Um das Problem wirklich zu verstehen, sollte sich die Threaderstellerin ein paar Fragen stellen. Also:
- Sind die von Dir beschriebenen Zustände offensichtlich systemimmanent oder sind sie durch die Person Deines Vorgesetzten verursacht?
- Geht es Deinen Kollegen auf anderen Projekten auch so?
- Was müsste sich kurzfristig ändern, damit Du morgens mit deutlich positiveren Gefühlen zur Arbeit gehst?
- Kennst Du eine Person, die genau diese Situation viel besser meistern würde? Wenn ja, wer ist das und was ist an ihr so besonders, dass sie weniger leiden würde?
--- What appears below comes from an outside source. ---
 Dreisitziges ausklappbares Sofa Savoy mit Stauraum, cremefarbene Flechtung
Jobwechsel ist natürlich kurzfristig immer eine "Lösung", denn man löst das eine Problem durch das nächste ab. Ein Leben lang kann man das aber nicht machen. Man darf vor seinen Problemen nicht weglaufen, nur weil man gerade keine Lösung sieht. Du hast bei diesem Problem eine einzigartige Chance, für Dein gesamtes Leben eine Lektion zu lernen. Wenn Du es schaffst, dieses Problem (ohne Jobwechsel!) zu lösen, dann kann Dich so schnell nichts mehr unterkriegen. Dann bist Du im quasi ein Level weitergekommen, bist ein Stück weit abgehärtet und "kampferprobt". Ein Leben lang kannst Du dir dann sagen: "Ich brauche keine Angst zu haben, denn ich habe damals im ersten Job die Kurve gekriegt, obwohl es doch völlig aussichtslos war." Glaube mir, das baut auf.
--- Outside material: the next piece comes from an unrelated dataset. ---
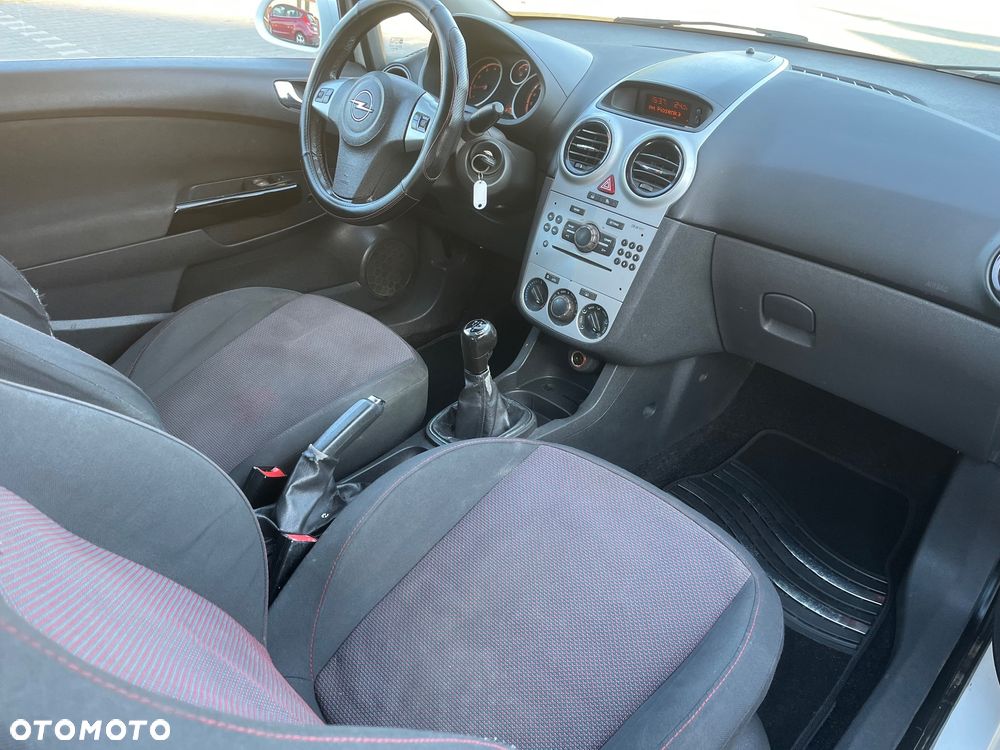 Opel Corsa - 7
Du hast geschrieben, dass Du dir von dieser Arbeit auch Anerkennung von Deinen Eltern versprochen hast. Ich weiss nicht, ob Du diese persönlichen Dinge hier im Forum breitwalzen möchtest, aber da scheint es doch erheblichen Klärungsbedarf zu geben. Könnte es sein, dass das Thema Selbstbewusstsein und Anerkennung im Moment für Dich eine sehr große Rolle spielt und dass es Dir gerade deshalb stinkt, von Deinem Chef nicht wirklich wahrgenommen zu werden?
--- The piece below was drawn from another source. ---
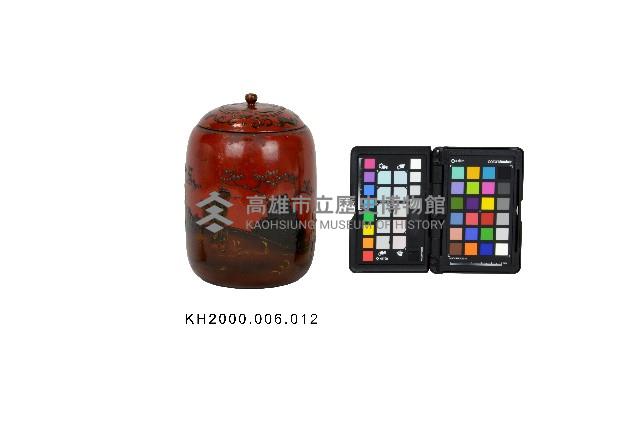 朱漆堆彩人物嬉戲紋蓋罐藏品圖，第1張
Übrigens: Dass man für Informationen gerade stehen muss, die man von anderen Leuten nicht hat bekommen können, ist in der gesamten Wirtschaftswelt usus. Das geht mir im Einkauf genau so. Hat der Lieferant nicht rechtzeitig reagiert, trägt der Einkauf die Schuld. Davor bist Du nirgends sicher.
Eine richtige Lösung habe ich auch nicht für Dich. Aber mir scheint, Du brauchst im Moment eher etwas Beistand als praktische Ratschläge. Denn leider bist Du selbst die einzige, die das Problem wirklich nachhaltig lösen kann.
D.Ek.
P.S.: Eigentlich alle der Kritikpunkte, die Du vorgebracht hast, könnte ich in meinem Beruf auch vorbringen. Anfangs hat mich das auch sehr gewurmt. Hilft Dir das weiter?